_EXTRACTED RECORDS_:

━━━

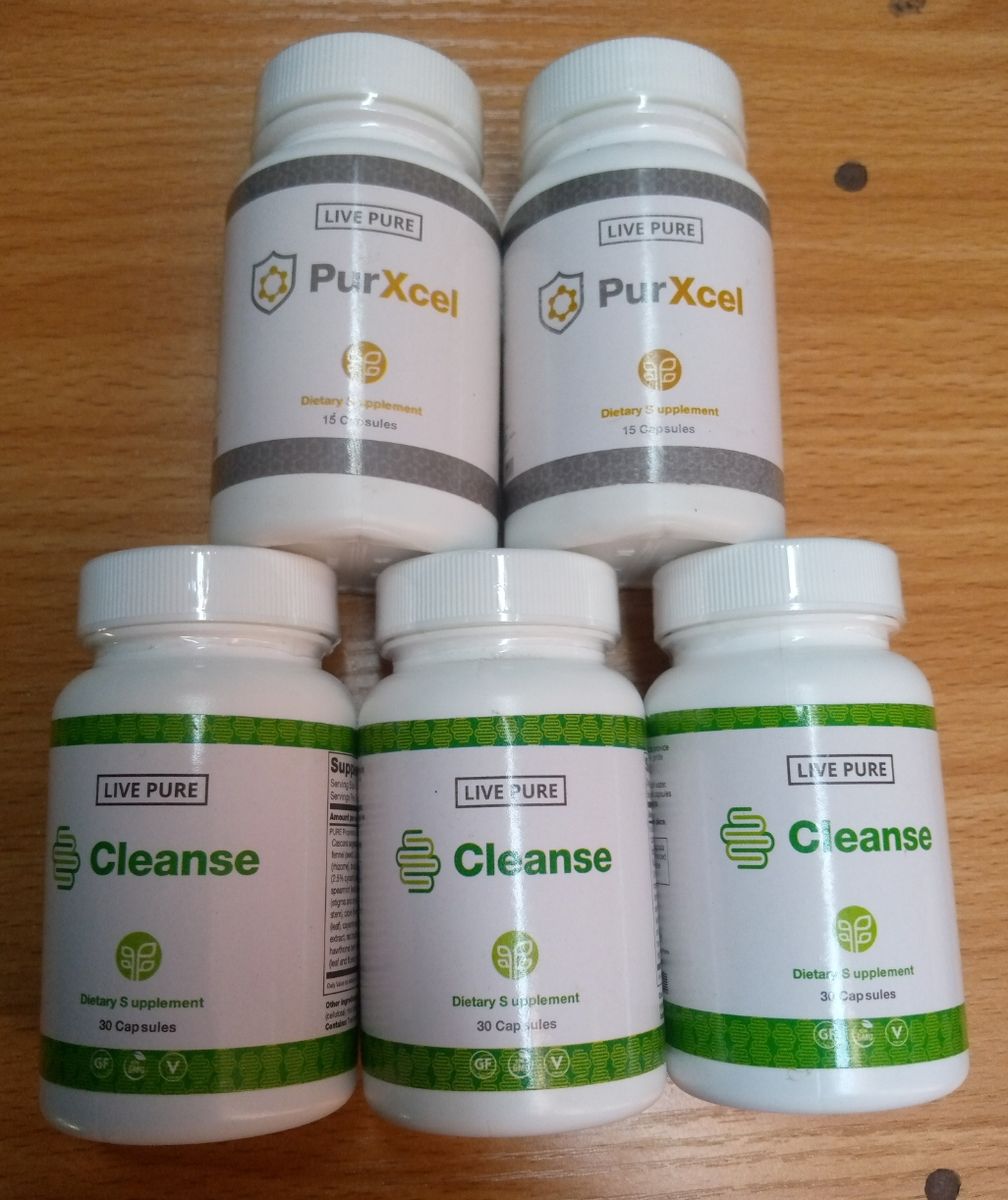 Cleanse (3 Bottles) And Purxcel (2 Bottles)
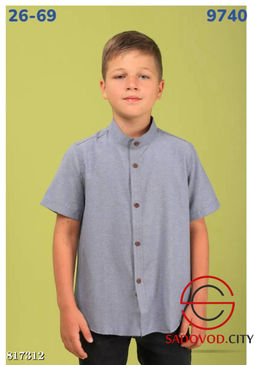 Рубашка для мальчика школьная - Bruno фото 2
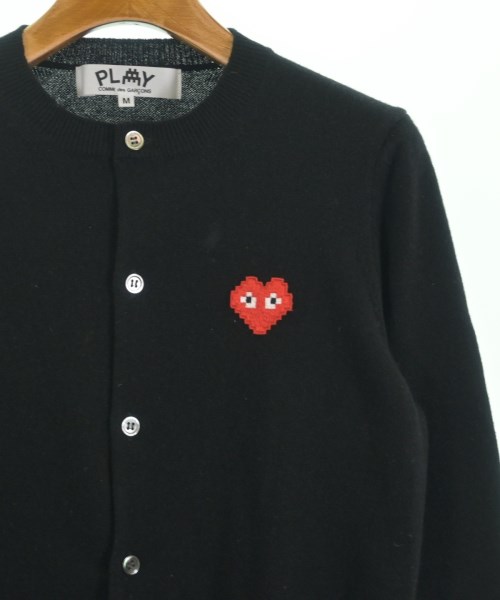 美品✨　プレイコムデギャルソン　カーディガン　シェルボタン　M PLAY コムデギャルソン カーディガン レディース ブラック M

━━━

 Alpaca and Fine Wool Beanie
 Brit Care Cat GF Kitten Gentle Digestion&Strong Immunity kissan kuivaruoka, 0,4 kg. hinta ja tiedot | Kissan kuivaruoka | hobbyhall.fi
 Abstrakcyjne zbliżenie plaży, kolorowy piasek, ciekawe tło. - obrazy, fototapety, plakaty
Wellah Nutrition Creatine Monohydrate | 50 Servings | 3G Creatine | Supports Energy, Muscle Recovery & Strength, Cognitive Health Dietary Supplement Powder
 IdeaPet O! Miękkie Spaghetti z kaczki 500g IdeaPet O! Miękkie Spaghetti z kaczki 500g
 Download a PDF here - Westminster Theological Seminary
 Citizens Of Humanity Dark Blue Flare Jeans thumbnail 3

━━━

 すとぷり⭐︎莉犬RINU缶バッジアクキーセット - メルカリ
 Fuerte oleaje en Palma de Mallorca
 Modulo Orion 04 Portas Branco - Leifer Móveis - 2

━━━

_TRY IT_:
Could you set down, exactly as written, the lines above between the one holding "すとぷり⭐︎莉犬RINU缶バッジアクキーセット - メルカリ" and the one holding "Modulo Orion 04", inclusive, and nothing more?

_EXERCISE RESPONSE_:
 すとぷり⭐︎莉犬RINU缶バッジアクキーセット - メルカリ
 Fuerte oleaje en Palma de Mallorca
 Modulo Orion 04 Portas Branco - Leifer Móveis - 2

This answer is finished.